[edit]
Dimension Reduction via Sum-of-Squares and Improved Clustering Algorithms for Non-Spherical Mixtures
Proceedings of Thirty Ninth Conference on Learning Theory, PMLR 336:224-289, 2026.
Abstract
We develop a new approach for clustering non-spherical (i.e., arbitrary component covariances) Gaussian mixture models via a subroutine based on the sum-of-squares method that finds a low-dimensional separation-preserving projection of the input data.

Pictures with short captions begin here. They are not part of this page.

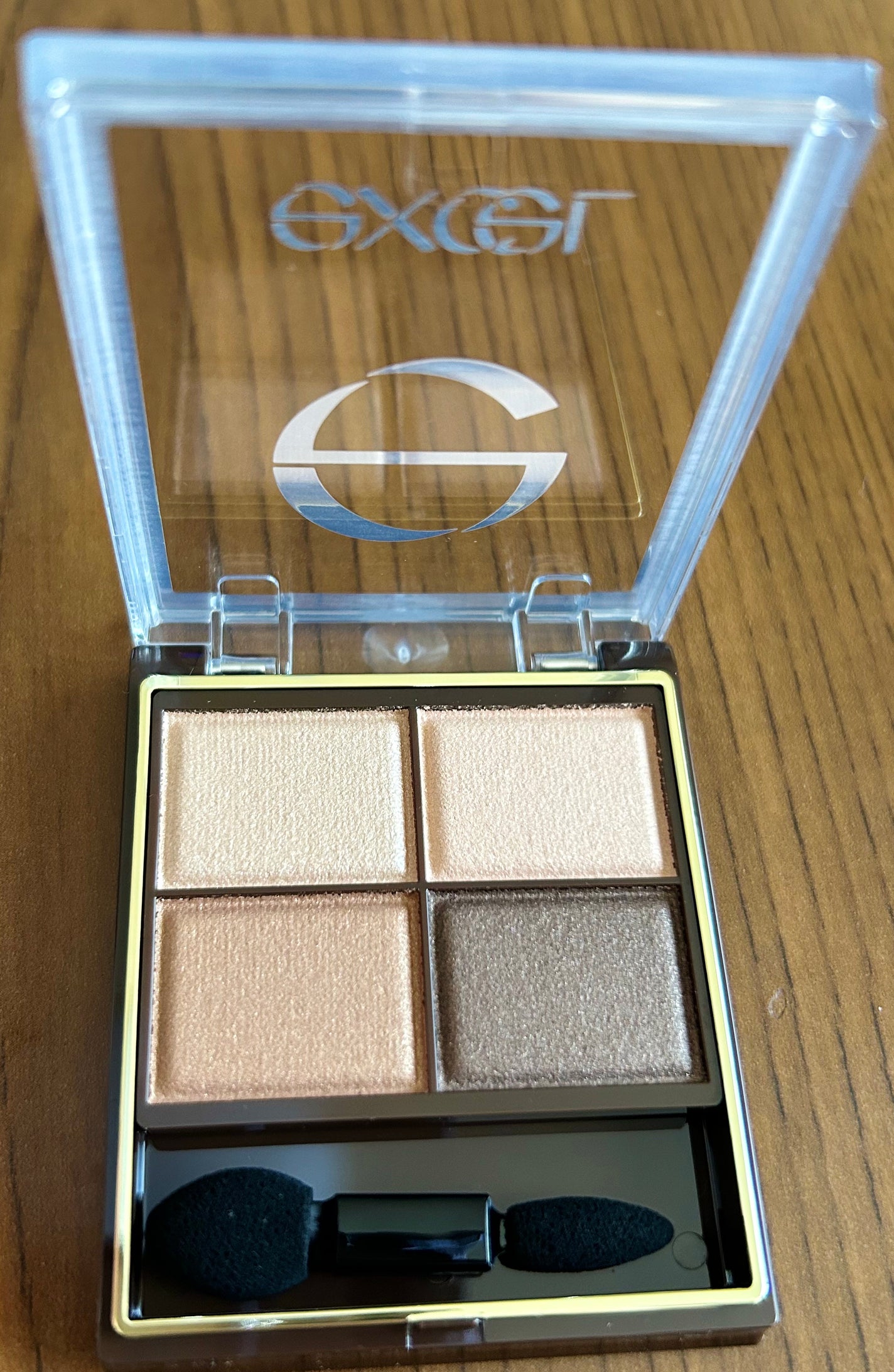 スキニーリッチシャドウ/excel/アイシャドウパレットを使ったクチコミ(2枚目)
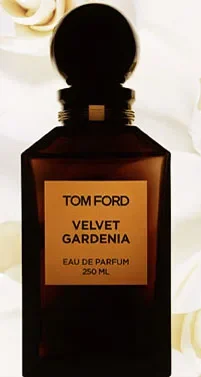 Tom Ford Velvet Gardenia perfume bottle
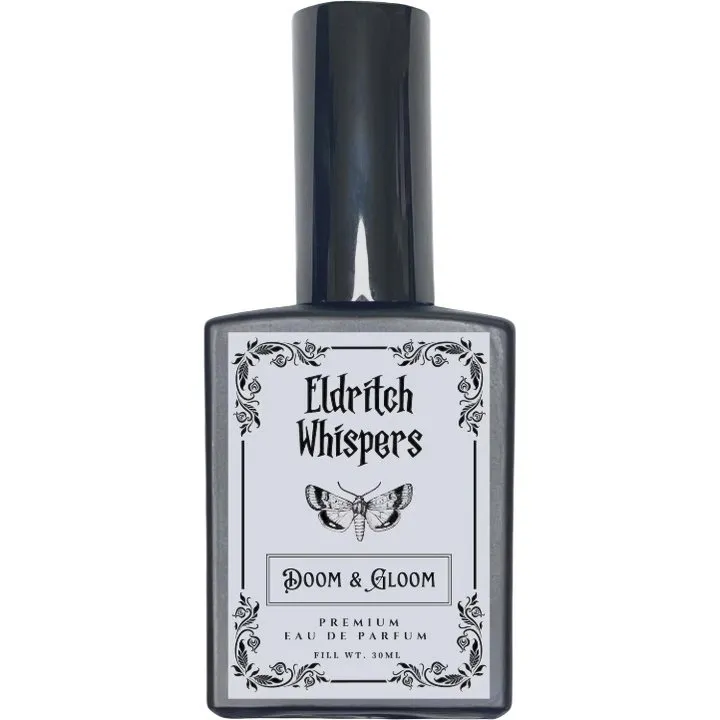 Eldritch Whispers Doom & Gloom perfume bottle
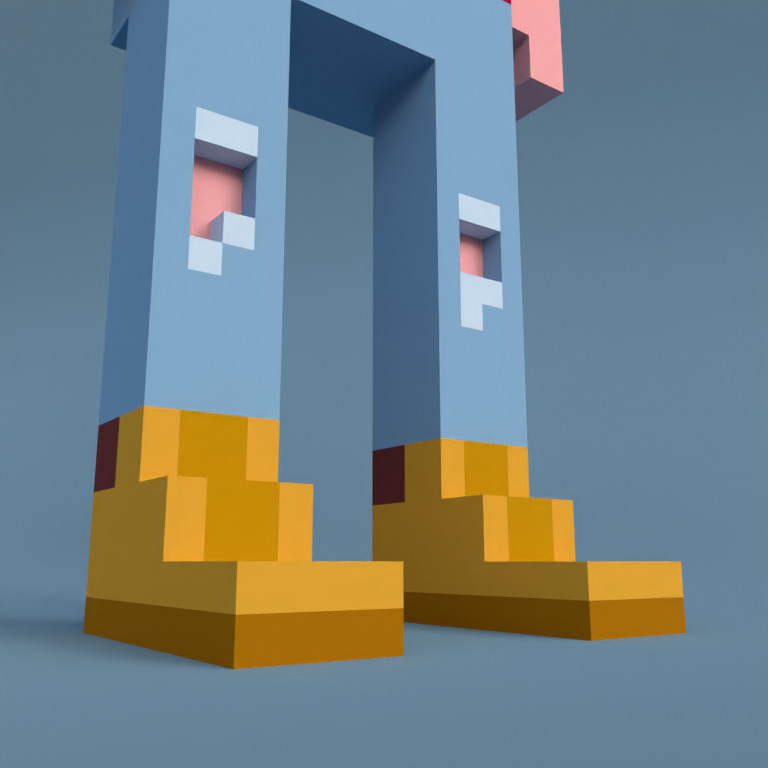 Meebit #14862 — Shoes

Our method provides a non-spherical analog of the classical dimension reduction based on singular value decomposition that, among several other applications, forms a key component of the celebrated spherical clustering algorithm of Vempala and Wang (2004). As applications, we obtain an algorithm to (1) cluster an arbitrary total-variation separated mixture of $k$ centered (i.e., zero-mean) Gaussians with $n\geq \mathrm{poly}(d) f(w_{\min}^{-1})$ samples and $\mathrm{poly}(n)$ time, and (2) cluster an arbitrary total-variation separated mixture of $k$ Gaussians with identical but arbitrary unknown covariance with $n \geq d^{O(\log w_{\min}^{-1})} f(w_{\min}^{-1})$ samples and $n^{O(\log w_{\min}^{-1})}$ time. Here, $w_{\min}$ is the minimum mixing weight of the input mixture, and $f$ does not depend on the dimension $d$. Our algorithms naturally extend to tolerate a dimension-independent fraction of arbitrary outliers. Before this work, the techniques in the state-of-the-art non-spherical clustering algorithms needed $d^{O(k)} f(w_{\min}^{-1})$ samples and time for clustering such mixtures. Our results may come as a surprise in the context of the $d^{\Omega(k)}$ statistical query and sum-of-squares lower bounds (Diakonikolas et al. (2017, 2024)) for clustering non-spherical Gaussian mixtures. While these results are usually thought to rule out $d^{o(k)}$ cost algorithms for the problem, our results show that the lower bounds can, in fact, be circumvented for a remarkably general class of Gaussian mixtures.